● Work instructions: Give back the line below containing "2018 Kia Forte - Image 6 of 21" and every later line, exactly.

· · ·

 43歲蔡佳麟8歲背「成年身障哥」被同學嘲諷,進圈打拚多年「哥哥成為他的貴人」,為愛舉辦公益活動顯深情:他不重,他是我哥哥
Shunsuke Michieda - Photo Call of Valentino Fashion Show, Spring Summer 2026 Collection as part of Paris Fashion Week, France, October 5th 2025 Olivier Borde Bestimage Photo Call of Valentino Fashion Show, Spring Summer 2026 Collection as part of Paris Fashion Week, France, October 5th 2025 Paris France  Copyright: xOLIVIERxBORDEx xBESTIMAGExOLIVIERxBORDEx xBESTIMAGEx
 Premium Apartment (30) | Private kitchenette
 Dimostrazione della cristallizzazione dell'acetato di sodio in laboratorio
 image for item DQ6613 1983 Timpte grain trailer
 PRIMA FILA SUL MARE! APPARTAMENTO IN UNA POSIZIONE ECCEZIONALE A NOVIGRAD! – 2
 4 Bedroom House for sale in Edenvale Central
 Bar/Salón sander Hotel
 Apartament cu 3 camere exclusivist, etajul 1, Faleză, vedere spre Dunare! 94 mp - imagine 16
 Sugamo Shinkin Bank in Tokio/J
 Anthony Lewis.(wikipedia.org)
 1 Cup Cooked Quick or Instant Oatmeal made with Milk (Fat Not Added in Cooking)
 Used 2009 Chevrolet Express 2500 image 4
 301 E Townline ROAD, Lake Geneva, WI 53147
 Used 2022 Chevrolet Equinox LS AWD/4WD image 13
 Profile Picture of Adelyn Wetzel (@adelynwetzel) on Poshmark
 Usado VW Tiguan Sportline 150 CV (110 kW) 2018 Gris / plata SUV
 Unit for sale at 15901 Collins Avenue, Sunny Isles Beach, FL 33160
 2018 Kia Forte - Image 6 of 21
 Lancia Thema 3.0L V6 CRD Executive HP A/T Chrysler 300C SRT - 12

· · ·

● Exercise solution:
 2018 Kia Forte - Image 6 of 21
 Lancia Thema 3.0L V6 CRD Executive HP A/T Chrysler 300C SRT - 12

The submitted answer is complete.